__Exercise aim__
The full listing, written out exactly and without images, is the expected result.

__Information shown__
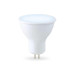 Светодиодная лампа MR16 13W 6400K Ambrella light Bulding 161306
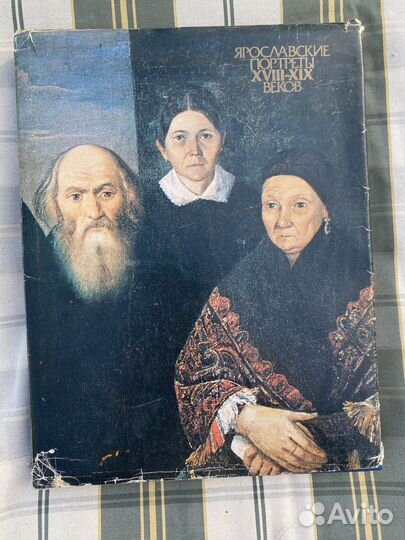 Книга Ярославские портреты. искусство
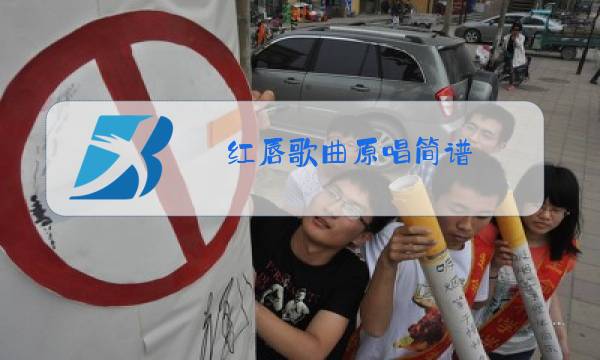 红唇歌曲原唱简谱图片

__Expected answer__
 Светодиодная лампа MR16 13W 6400K Ambrella light Bulding 161306
 Книга Ярославские портреты. искусство
 红唇歌曲原唱简谱图片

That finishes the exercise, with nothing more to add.